**TASK INSTRUCTIONS**
Every record should be written out exactly, with the pictures left out.

--

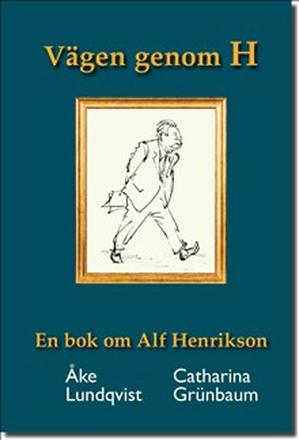 Vägen genom H En bok om Alf Henrikson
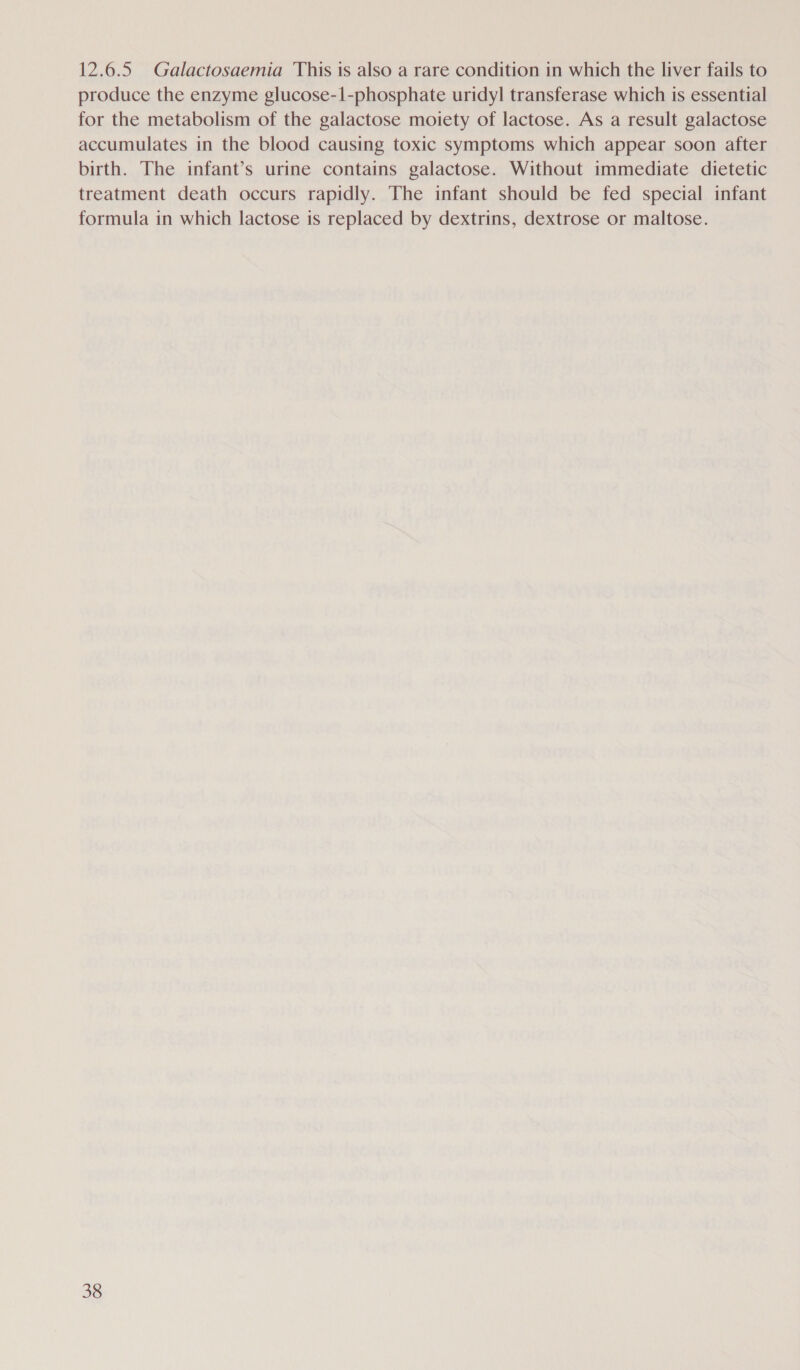 12.6.5 Galactosaemia This is also a rare condition in which the liver fails to produce the enzyme glucose-1-phosphate uridyl transferase which is essential for the metabolism of the galactose moiety of lactose. As a result galactose accumulates in the blood causing toxic symptoms which appear soon after birth. The infant’s urine contains galactose. Without immediate dietetic treatment death occurs rapidly. The infant should be fed special infant formula in which lactose is replaced by dextrins, dextrose or maltose.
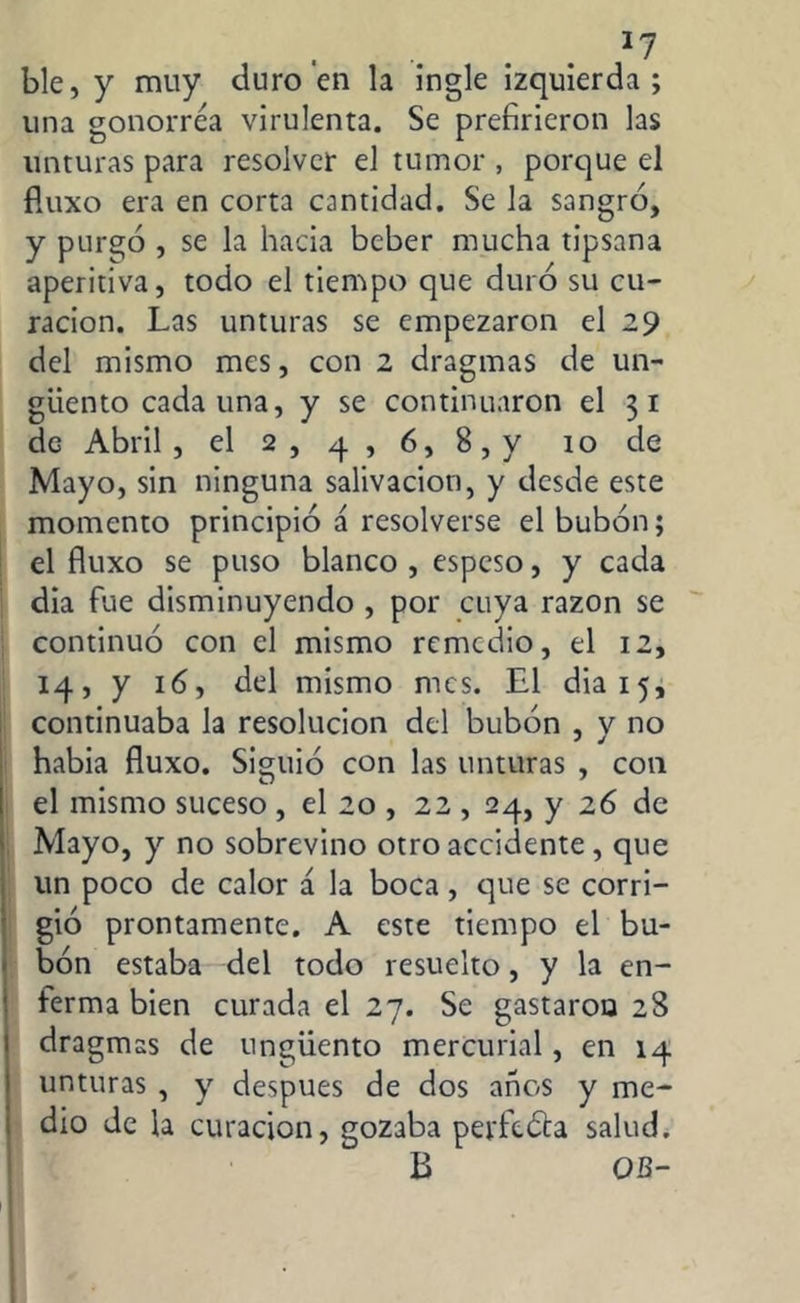 *7 ble, y muy duro en la ingle izquierda; una gonorrea virulenta. Se prefirieron las unturas para resolver el tumor , porque el fluxo era en corta cantidad. Se la sangró, y purgó , se la hacia beber mucha tipsana aperitiva, todo el tiempo que duró su cu- ración. Las unturas se empezaron el 29 del mismo mes, con 2 dragmas de un- güento cada una, y se continuaron el 3 1 de Abril, el 2, 4 , 6, 8, y ro de Mayo, sin ninguna salivación, y desde este momento principió á resolverse el bubón; el fluxo se puso blanco , espeso, y cada dia fue disminuyendo , por cuya razón se continuó con el mismo remedio, el 12, 14, y 16, del mismo mes. El dia 15, continuaba la resolución del bubón , y no habia fluxo. Siguió con las unturas , con el mismo suceso , el 20 , 22 , 24, y 26 de Mayo, y no sobrevino otro accidente, que un poco de calor á la boca, que se corri- gió prontamente. A este tiempo el bu- bón estaba del todo resuelto, y la en- ferma bien curada el 27. Se gastaron 28 dragmas de ungüento mercurial, en 14 unturas , y después de dos anos y me- dio de la curación, gozaba perfeóta salud. B OB-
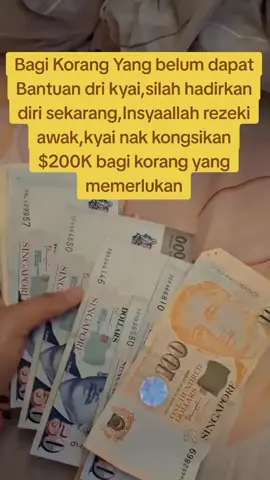 Insyallah Kyai nak kongsikan rezeki $200K bagi korang yang memerlukan #fyp #masukberanda #singapore #singapura #tiktok #tiktokviral #tiktoksingapore #wang #bayarhutang #sgtiktok #sg #sgfyp #money #singapore #singaporetiktok 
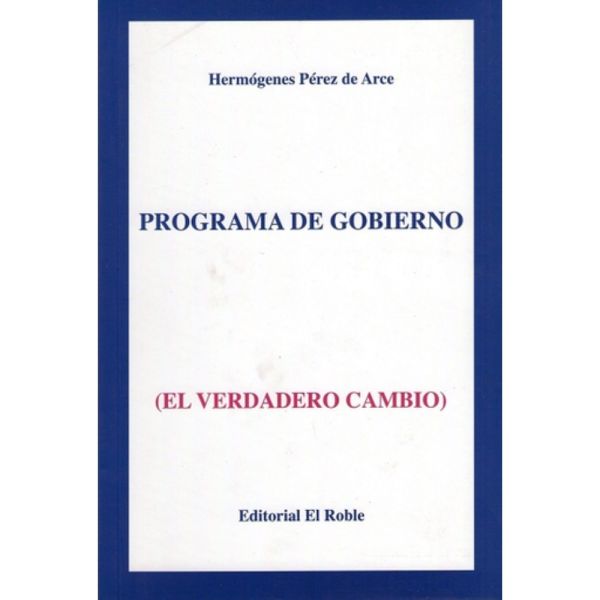 Libro Programa de Gobierno de Pérez de Arce, Hermógenes - El roble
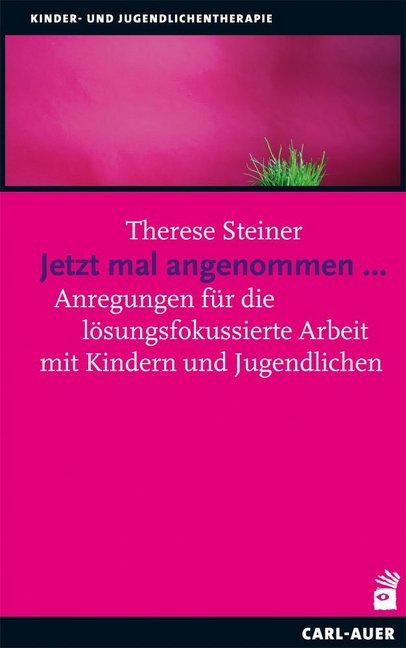 Jetzt mal angenommen... (Therese Steiner)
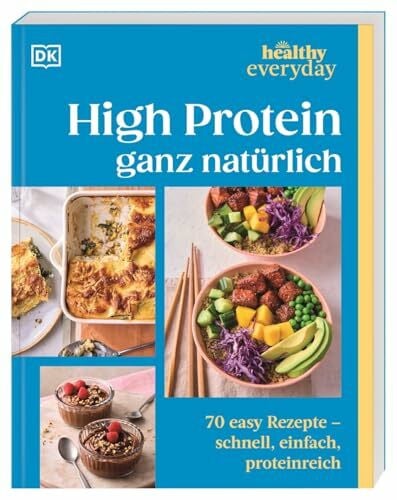 Krabbe, Wiebke Healthy Everyday. High Protein ganz natürlich: 70 easy Rezepte – schnell, einfach, proteinreich. Das Protein-Kochbuch mit unkomplizierten Rezepten für den Alltag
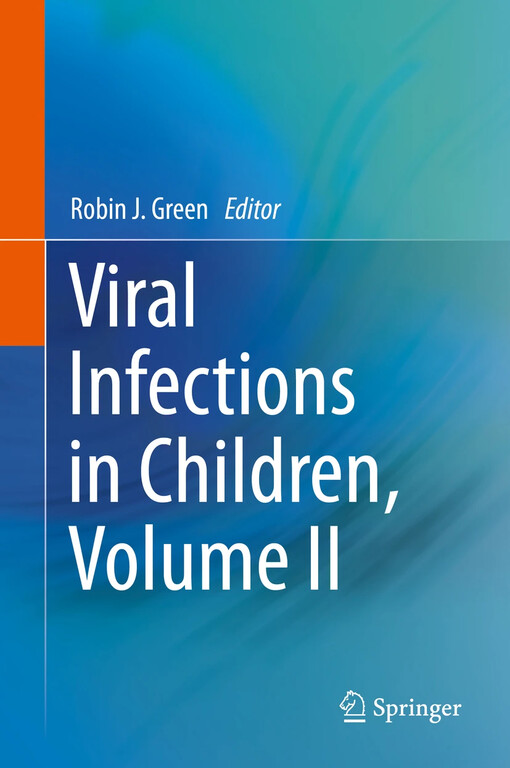 Viral infections in children. Robin J. Green, editor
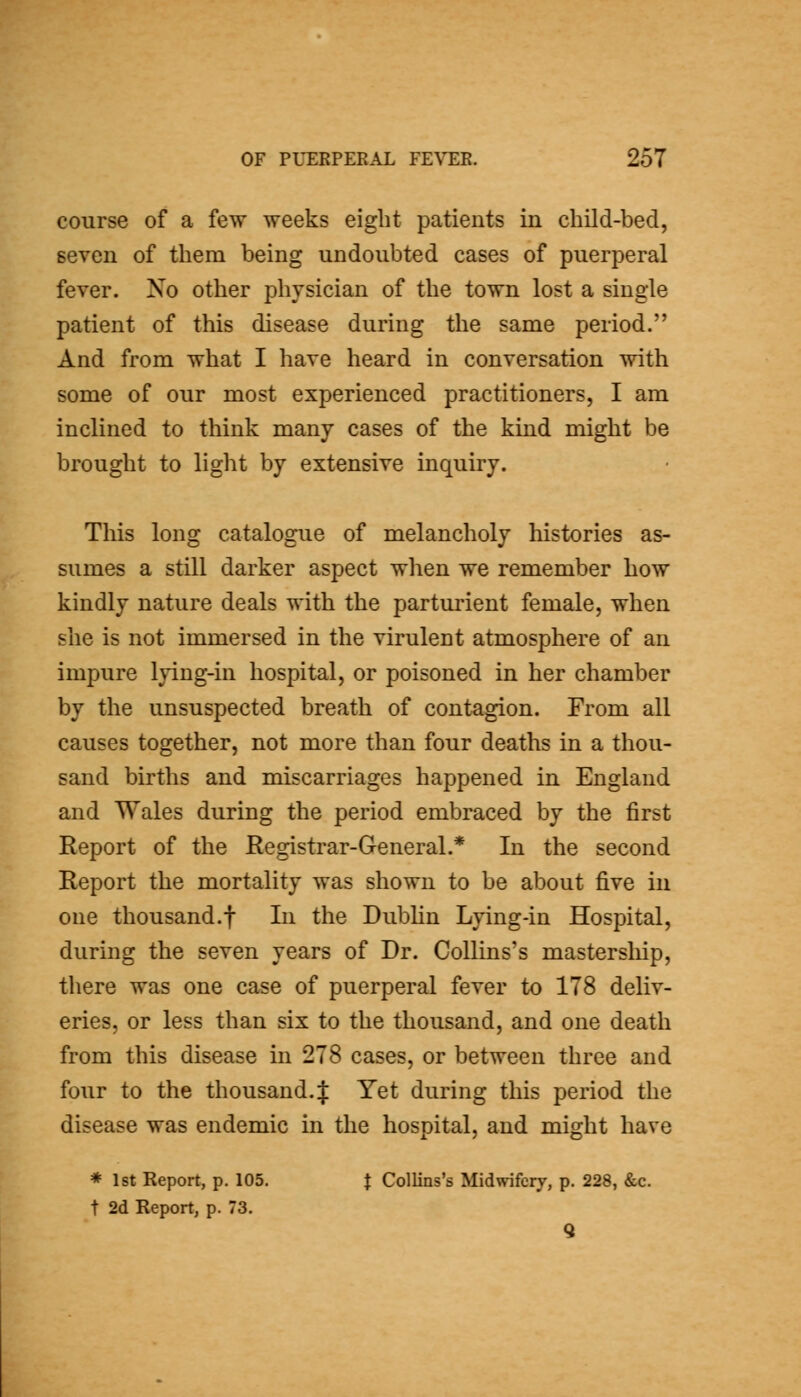 course of a few weeks eight patients in child-bed, seven of them being undoubted cases of puerperal fever. Xo other physician of the town lost a single patient of this disease during the same period. And from what I have heard in conversation with some of our most experienced practitioners, I am inclined to think many cases of the kind might be brought to light by extensive inquiry. This long catalogue of melancholy histories as- sumes a still darker aspect when we remember how kindly nature deals with the parturient female, when she is not immersed in the virulent atmosphere of an impure lying-in hospital, or poisoned in her chamber by the unsuspected breath of contagion. From all causes together, not more than four deaths in a thou- sand births and miscarriages happened in England and Wales during the period embraced by the first Report of the Registrar-General.* In the second Report the mortality was shown to be about five in one thousand.t In the Dubhn Lying-in Hospital, during the seven years of Dr. Collins's mastership, there was one case of puerperal fever to 178 deliv- eries, or less than six to the thousand, and one death from this disease in 278 cases, or between three and four to the thousand.:]: Yet during this period the disease was endemic in the hospital, and might have * 1st Report, p. 105. J Collins's Midwifery, p. 228, &c. t 2d Report, p. 73.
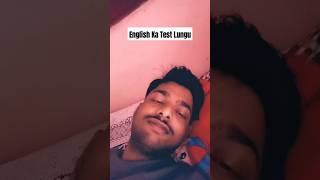 Main Tera english ka test lungu shortsviral funny comedy abhaysingh [upl. by Kostival]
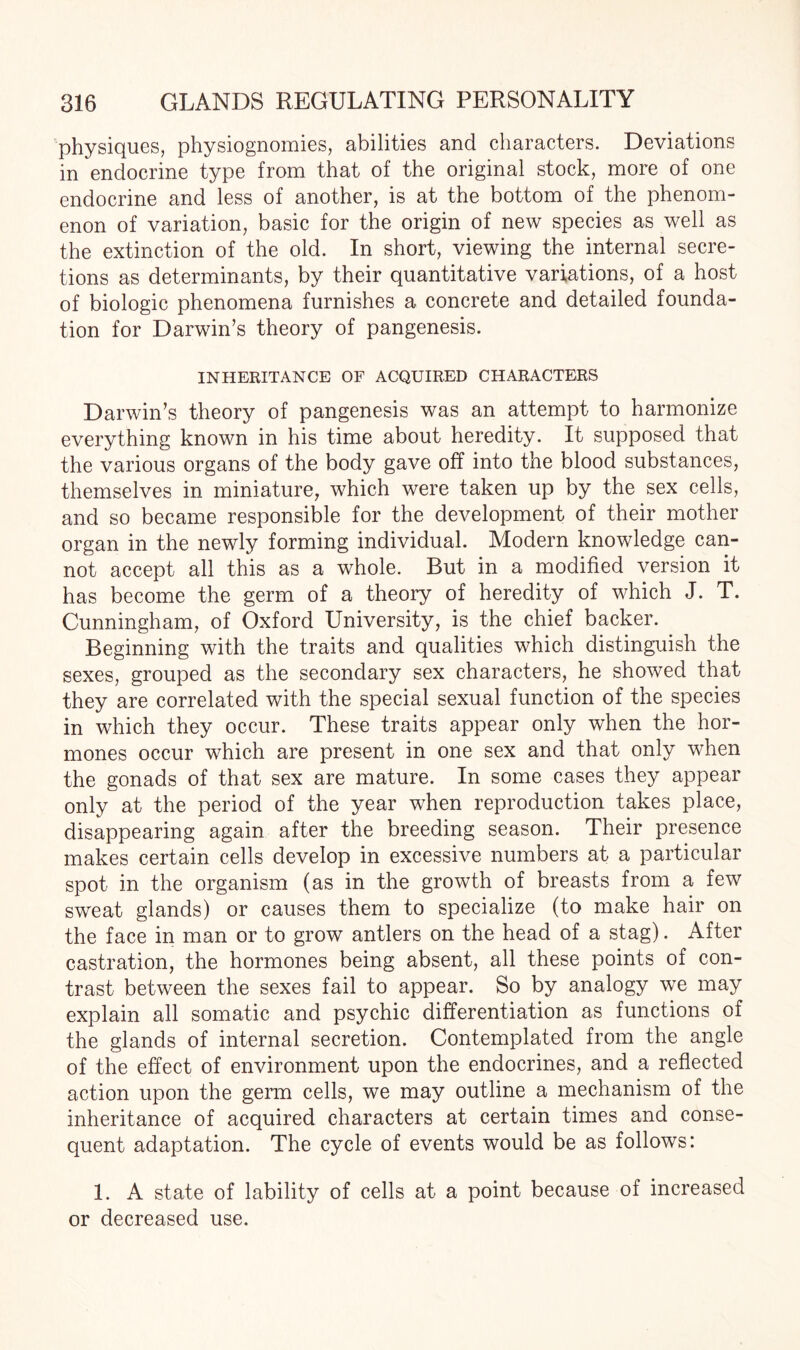 physiques, physiognomies, abilities and characters. Deviations in endocrine type from that of the original stock, more of one endocrine and less of another, is at the bottom of the phenom¬ enon of variation, basic for the origin of new species as well as the extinction of the old. In short, viewing the internal secre¬ tions as determinants, by their quantitative variations, of a host of biologic phenomena furnishes a concrete and detailed founda¬ tion for Darwin’s theory of pangenesis. INHERITANCE OF ACQUIRED CHARACTERS Darwin’s theory of pangenesis was an attempt to harmonize everything known in his time about heredity. It supposed that the various organs of the body gave off into the blood substances, themselves in miniature, which were taken up by the sex cells, and so became responsible for the development of their mother organ in the newly forming individual. Modern knowledge can¬ not accept all this as a whole. But in a modified version it has become the germ of a theory of heredity of which J. T. Cunningham, of Oxford University, is the chief backer. Beginning with the traits and qualities which distinguish the sexes, grouped as the secondary sex characters, he showed that they are correlated with the special sexual function of the species in which they occur. These traits appear only when the hor¬ mones occur which are present in one sex and that only when the gonads of that sex are mature. In some cases they appear only at the period of the year when reproduction takes place, disappearing again after the breeding season. Their presence makes certain cells develop in excessive numbers at a particular spot in the organism (as in the growth of breasts from a few sweat glands) or causes them to specialize (to make hair on the face in man or to grow antlers on the head of a stag). After castration, the hormones being absent, all these points of con¬ trast between the sexes fail to appear. So by analogy wre may explain all somatic and psychic differentiation as functions of the glands of internal secretion. Contemplated from the angle of the effect of environment upon the endocrines, and a reflected action upon the germ cells, we may outline a mechanism of the inheritance of acquired characters at certain times and conse¬ quent adaptation. The cycle of events would be as follows: 1. A state of lability of cells at a point because of increased or decreased use.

--

**RESULT OF THE TASK**
 Vägen genom H En bok om Alf Henrikson
 12.6.5 Galactosaemia This is also a rare condition in which the liver fails to produce the enzyme glucose-1-phosphate uridyl transferase which is essential for the metabolism of the galactose moiety of lactose. As a result galactose accumulates in the blood causing toxic symptoms which appear soon after birth. The infant’s urine contains galactose. Without immediate dietetic treatment death occurs rapidly. The infant should be fed special infant formula in which lactose is replaced by dextrins, dextrose or maltose.
 *7 ble, y muy duro en la ingle izquierda; una gonorrea virulenta. Se prefirieron las unturas para resolver el tumor , porque el fluxo era en corta cantidad. Se la sangró, y purgó , se la hacia beber mucha tipsana aperitiva, todo el tiempo que duró su cu- ración. Las unturas se empezaron el 29 del mismo mes, con 2 dragmas de un- güento cada una, y se continuaron el 3 1 de Abril, el 2, 4 , 6, 8, y ro de Mayo, sin ninguna salivación, y desde este momento principió á resolverse el bubón; el fluxo se puso blanco , espeso, y cada dia fue disminuyendo , por cuya razón se continuó con el mismo remedio, el 12, 14, y 16, del mismo mes. El dia 15, continuaba la resolución del bubón , y no habia fluxo. Siguió con las unturas , con el mismo suceso , el 20 , 22 , 24, y 26 de Mayo, y no sobrevino otro accidente, que un poco de calor á la boca, que se corri- gió prontamente. A este tiempo el bu- bón estaba del todo resuelto, y la en- ferma bien curada el 27. Se gastaron 28 dragmas de ungüento mercurial, en 14 unturas , y después de dos anos y me- dio de la curación, gozaba perfeóta salud. B OB-
 Insyallah Kyai nak kongsikan rezeki $200K bagi korang yang memerlukan #fyp #masukberanda #singapore #singapura #tiktok #tiktokviral #tiktoksingapore #wang #bayarhutang #sgtiktok #sg #sgfyp #money #singapore #singaporetiktok 
 Libro Programa de Gobierno de Pérez de Arce, Hermógenes - El roble
 Jetzt mal angenommen... (Therese Steiner)
 Krabbe, Wiebke Healthy Everyday. High Protein ganz natürlich: 70 easy Rezepte – schnell, einfach, proteinreich. Das Protein-Kochbuch mit unkomplizierten Rezepten für den Alltag
 Viral infections in children. Robin J. Green, editor
 course of a few weeks eight patients in child-bed, seven of them being undoubted cases of puerperal fever. Xo other physician of the town lost a single patient of this disease during the same period. And from what I have heard in conversation with some of our most experienced practitioners, I am inclined to think many cases of the kind might be brought to light by extensive inquiry. This long catalogue of melancholy histories as- sumes a still darker aspect when we remember how kindly nature deals with the parturient female, when she is not immersed in the virulent atmosphere of an impure lying-in hospital, or poisoned in her chamber by the unsuspected breath of contagion. From all causes together, not more than four deaths in a thou- sand births and miscarriages happened in England and Wales during the period embraced by the first Report of the Registrar-General.* In the second Report the mortality was shown to be about five in one thousand.t In the Dubhn Lying-in Hospital, during the seven years of Dr. Collins's mastership, there was one case of puerperal fever to 178 deliv- eries, or less than six to the thousand, and one death from this disease in 278 cases, or between three and four to the thousand.:]: Yet during this period the disease was endemic in the hospital, and might have * 1st Report, p. 105. J Collins's Midwifery, p. 228, &c. t 2d Report, p. 73.
 Main Tera english ka test lungu shortsviral funny comedy abhaysingh [upl. by Kostival]
 physiques, physiognomies, abilities and characters. Deviations in endocrine type from that of the original stock, more of one endocrine and less of another, is at the bottom of the phenom¬ enon of variation, basic for the origin of new species as well as the extinction of the old. In short, viewing the internal secre¬ tions as determinants, by their quantitative variations, of a host of biologic phenomena furnishes a concrete and detailed founda¬ tion for Darwin’s theory of pangenesis. INHERITANCE OF ACQUIRED CHARACTERS Darwin’s theory of pangenesis was an attempt to harmonize everything known in his time about heredity. It supposed that the various organs of the body gave off into the blood substances, themselves in miniature, which were taken up by the sex cells, and so became responsible for the development of their mother organ in the newly forming individual. Modern knowledge can¬ not accept all this as a whole. But in a modified version it has become the germ of a theory of heredity of which J. T. Cunningham, of Oxford University, is the chief backer. Beginning with the traits and qualities which distinguish the sexes, grouped as the secondary sex characters, he showed that they are correlated with the special sexual function of the species in which they occur. These traits appear only when the hor¬ mones occur which are present in one sex and that only when the gonads of that sex are mature. In some cases they appear only at the period of the year when reproduction takes place, disappearing again after the breeding season. Their presence makes certain cells develop in excessive numbers at a particular spot in the organism (as in the growth of breasts from a few sweat glands) or causes them to specialize (to make hair on the face in man or to grow antlers on the head of a stag). After castration, the hormones being absent, all these points of con¬ trast between the sexes fail to appear. So by analogy wre may explain all somatic and psychic differentiation as functions of the glands of internal secretion. Contemplated from the angle of the effect of environment upon the endocrines, and a reflected action upon the germ cells, we may outline a mechanism of the inheritance of acquired characters at certain times and conse¬ quent adaptation. The cycle of events would be as follows: 1. A state of lability of cells at a point because of increased or decreased use.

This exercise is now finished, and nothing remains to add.